WORK INSTRUCTION ::
For the listing below, the answer is an exact retyping of the lines from the one with "Marc Orian Bracelets" through the one with "Bezirksflash: Sanierung der", both included, without pictures.

RECORD EXCERPTS ::
+++++

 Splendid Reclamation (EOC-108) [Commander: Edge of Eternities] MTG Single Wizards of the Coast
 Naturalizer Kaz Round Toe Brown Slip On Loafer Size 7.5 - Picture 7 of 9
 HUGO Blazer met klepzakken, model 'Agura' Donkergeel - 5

+++++

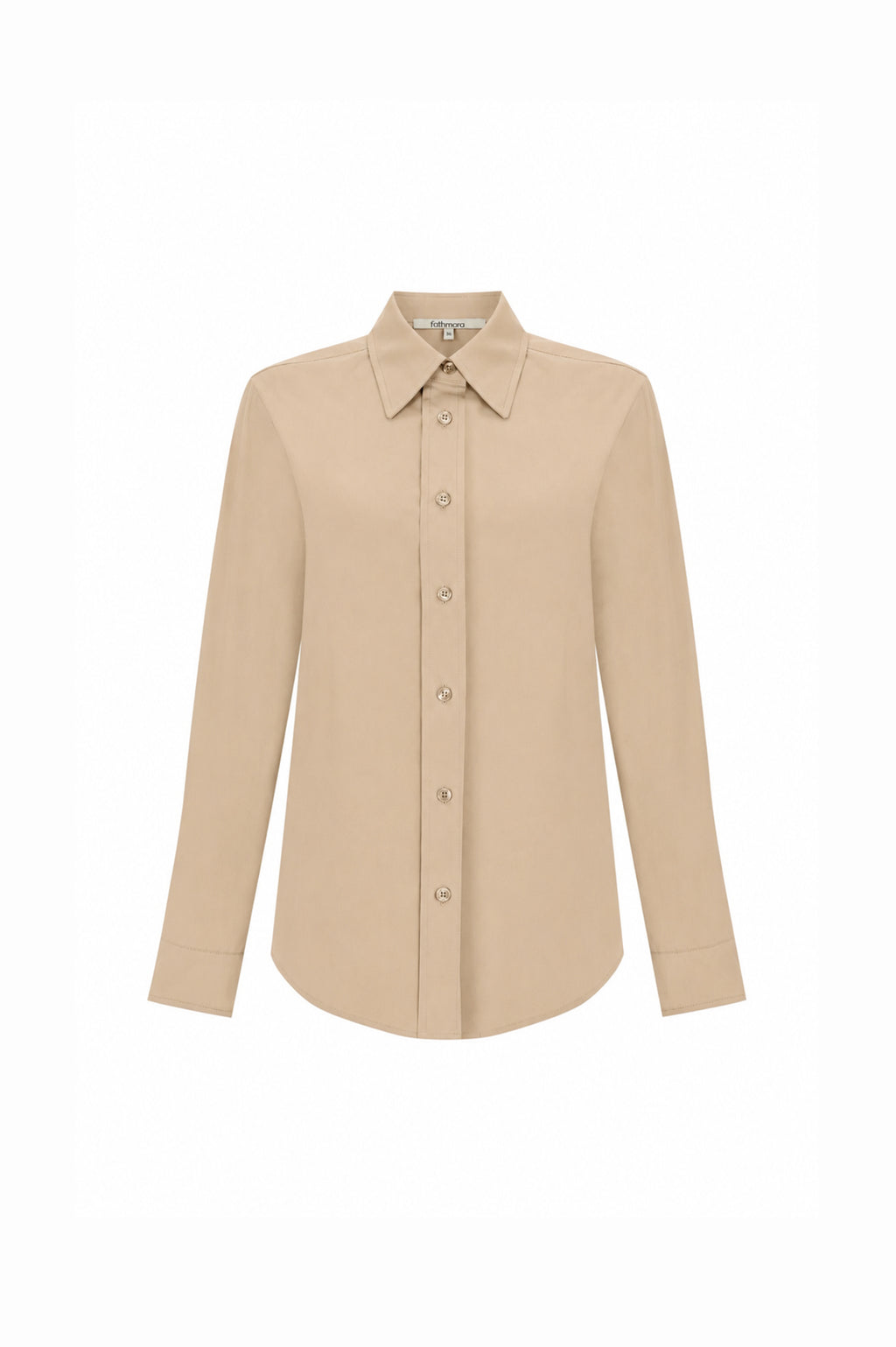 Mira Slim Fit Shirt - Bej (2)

+++++

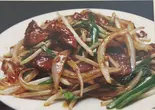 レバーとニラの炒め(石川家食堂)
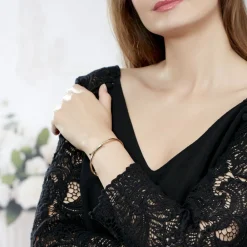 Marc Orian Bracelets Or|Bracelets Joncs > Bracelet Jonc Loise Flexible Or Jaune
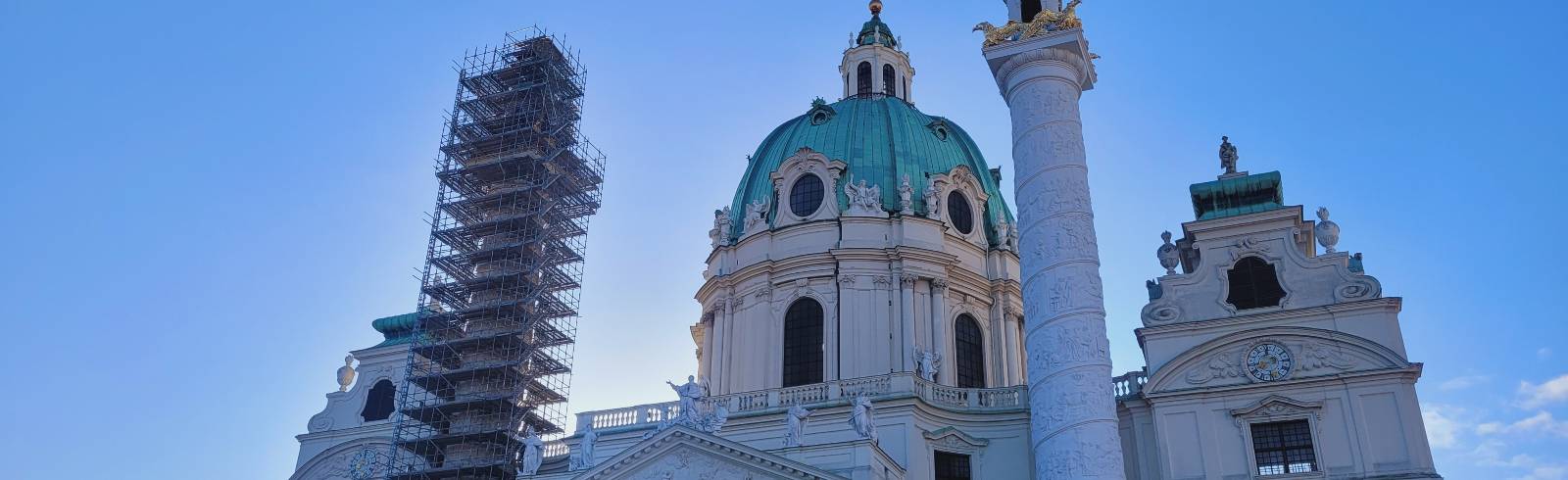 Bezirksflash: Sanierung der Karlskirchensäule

+++++

EXPECTED ANSWER ::
 Marc Orian Bracelets Or|Bracelets Joncs > Bracelet Jonc Loise Flexible Or Jaune
 Bezirksflash: Sanierung der Karlskirchensäule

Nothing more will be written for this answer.